::: Supplied data :::

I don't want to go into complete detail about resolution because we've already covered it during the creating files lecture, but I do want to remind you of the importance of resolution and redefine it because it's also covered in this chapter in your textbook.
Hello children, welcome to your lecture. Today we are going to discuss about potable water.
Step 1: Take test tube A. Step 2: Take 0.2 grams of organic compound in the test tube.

:::
::: Supplied data :::

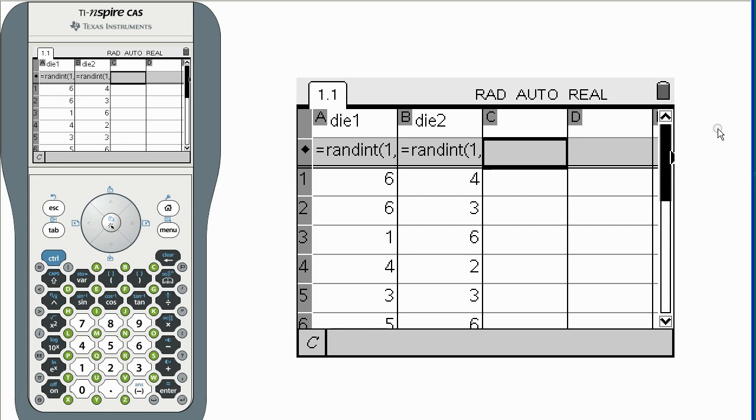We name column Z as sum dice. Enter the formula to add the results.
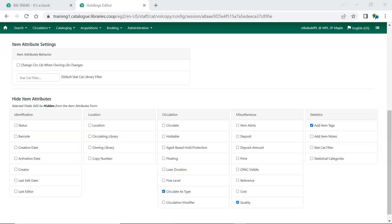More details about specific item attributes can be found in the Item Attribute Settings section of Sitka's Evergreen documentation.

:::
::: Supplied data :::

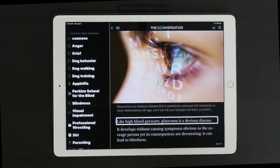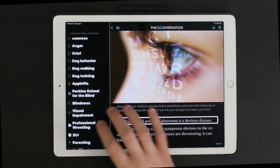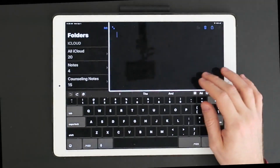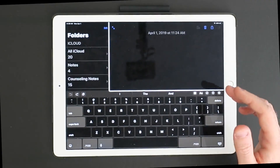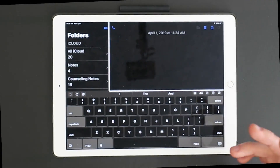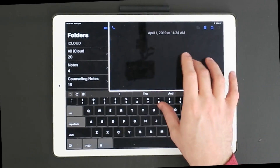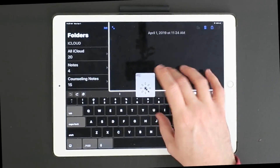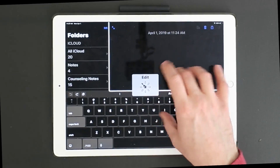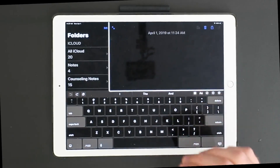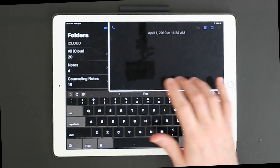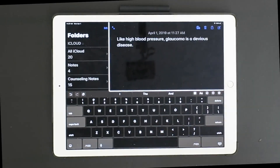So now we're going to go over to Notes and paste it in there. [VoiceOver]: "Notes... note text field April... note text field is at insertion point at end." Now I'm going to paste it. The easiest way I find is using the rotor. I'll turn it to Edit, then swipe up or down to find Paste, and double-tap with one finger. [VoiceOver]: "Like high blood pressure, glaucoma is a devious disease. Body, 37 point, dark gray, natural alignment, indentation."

:::

In the entries above, locate every line with the word "lecture" and copy it.

I don't want to go into complete detail about resolution because we've already covered it during the creating files lecture, but I do want to remind you of the importance of resolution and redefine it because it's also covered in this chapter in your textbook.
Hello children, welcome to your lecture. Today we are going to discuss about potable water.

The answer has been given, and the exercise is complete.